I bought an add-in for Light Room Classic, Negative Lab Pro, works really well. You zero out the film cast by telling the add in what the base of the film is. It then auto white balances the conversion, and you can set it up as a preset to do batch conversions.

Not a free option, but simple to use on batches of negs to convert.
 
Gimp is a powerful program but not very intuitive. I would go into the search or index function and ask how to covert image to black and white.

Good luck,
Thanks.

I have no problem retoring yellowish photos on GIMP. My only problem is unablte to do the restoration on bulk with a script.
 
GIMP has lots of desaturation options.

Colors > Desaturate > Lightness
Colors > Desaturate > Luminosity
Colors > Desaturate > Average
Colors > Hue-Saturation > Saturation
Colors > Black and White Film > Choose film type from drop-down list
Colors > Components > Channel Mixer > Monochrome
Image > Mode > Grayscale
Tools > GEGL Operatoin > many options listed here
Thanks
 
I bought an add-in for Light Room Classic, Negative Lab Pro, works really well. You zero out the film cast by telling the add in what the base of the film is. It then auto white balances the conversion, and you can set it up as a preset to do batch conversions.
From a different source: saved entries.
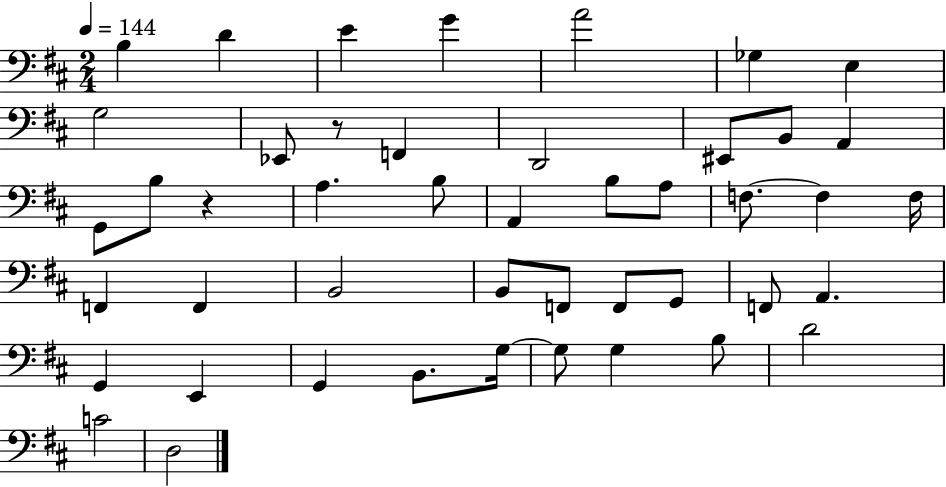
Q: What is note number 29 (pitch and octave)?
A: F2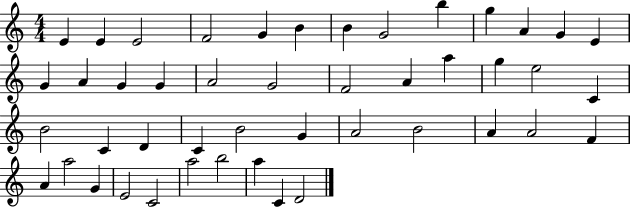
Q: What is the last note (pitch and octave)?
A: D4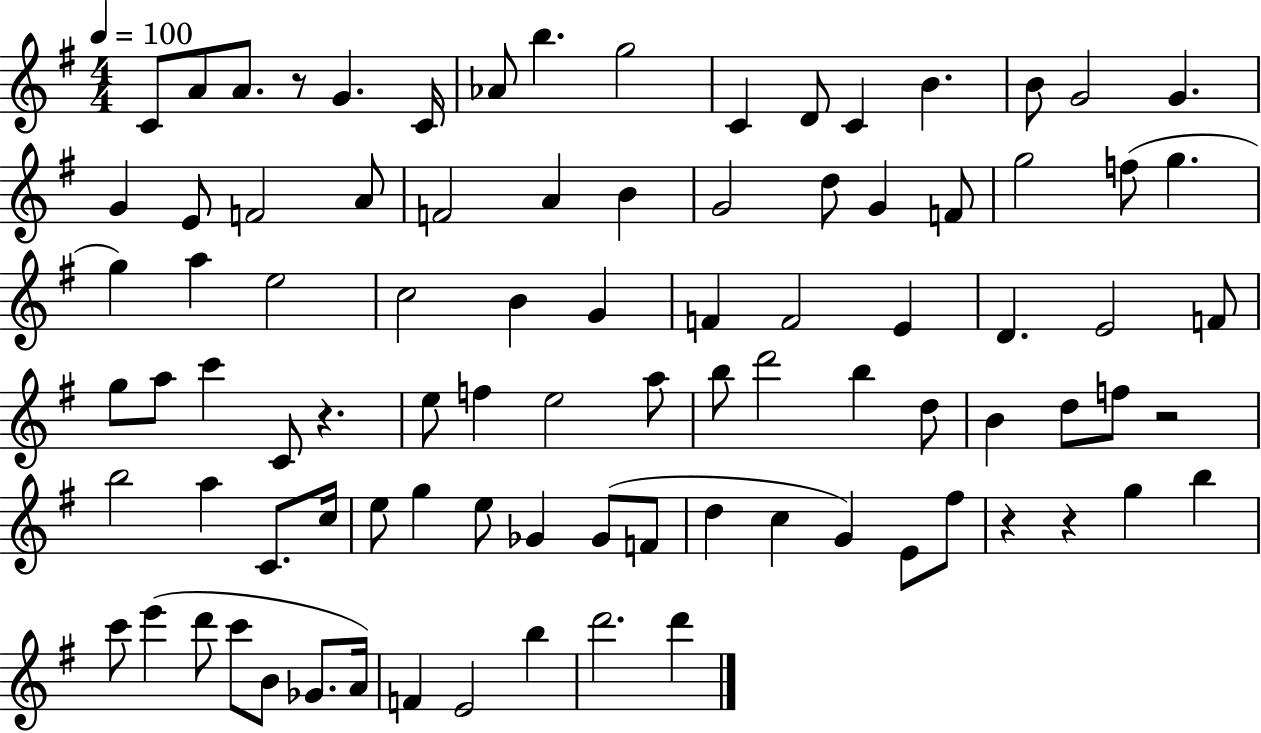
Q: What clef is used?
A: treble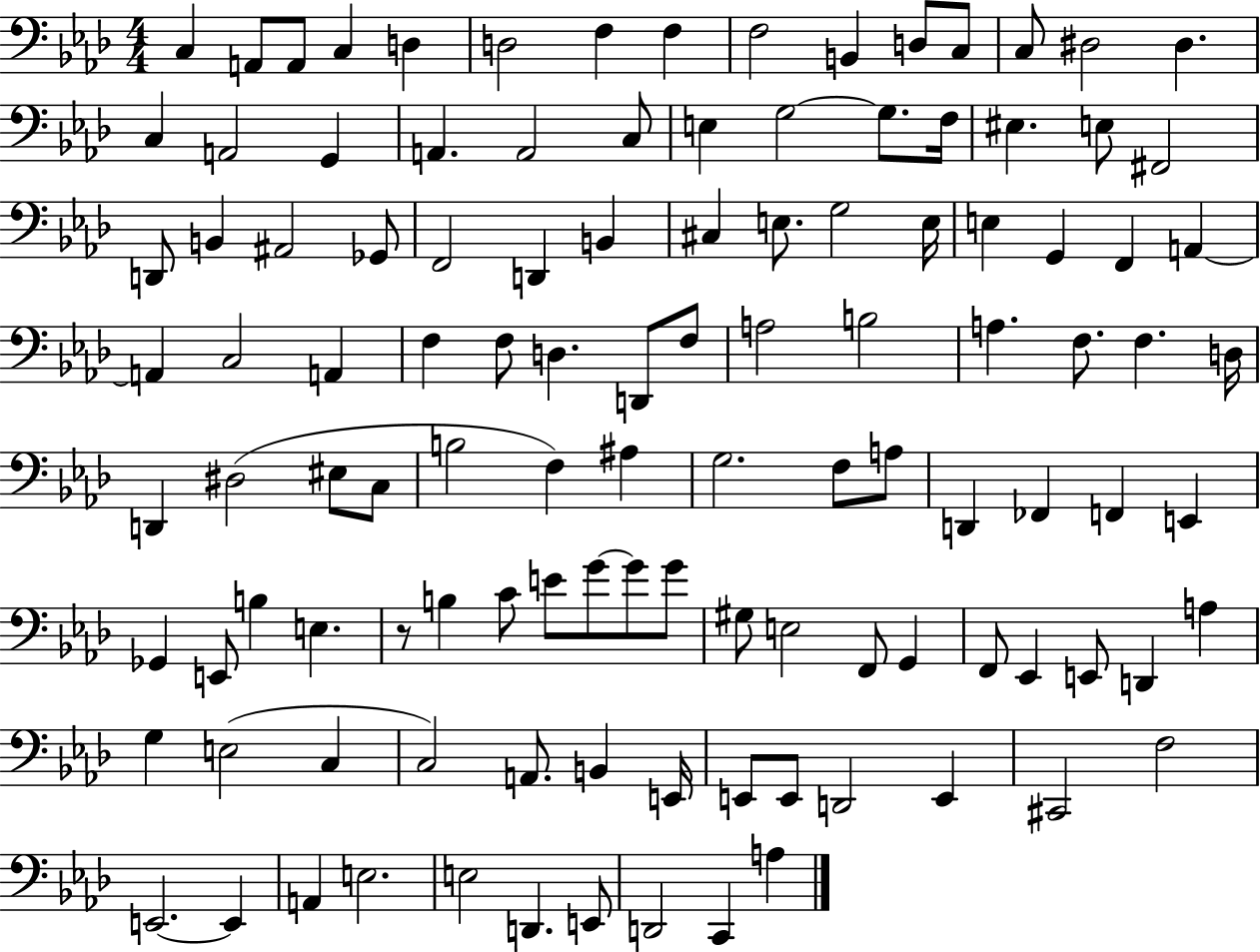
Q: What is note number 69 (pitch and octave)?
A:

Not a free option, but simple to use on batches of negs to convert.
Thanks

The Open Source alternatives for Lightroom classic are;
RawTherapee
Darktable
LightZone
DigiKam
Filmulator
etc.

Please refers to following links;
The best open-source Lightroom alternatives (three winners and two that broke our hearts)

Articles tagged "open-source"
 
I'm not familiar with the Samsung S22 Ultra specifically, but smart phones are a bit too smart to scan color negatives. They will attempt to automatically color correct them, which absolutely will mess up the result. Multi-purpose scanners that can scan film have a specific color negative setting that avoids most of this. You get an inverted, somewhat low contrast result that processses very easily in any editor. But if a smart phone automatically pre-adjust for the negative, you won't be able to correct it again.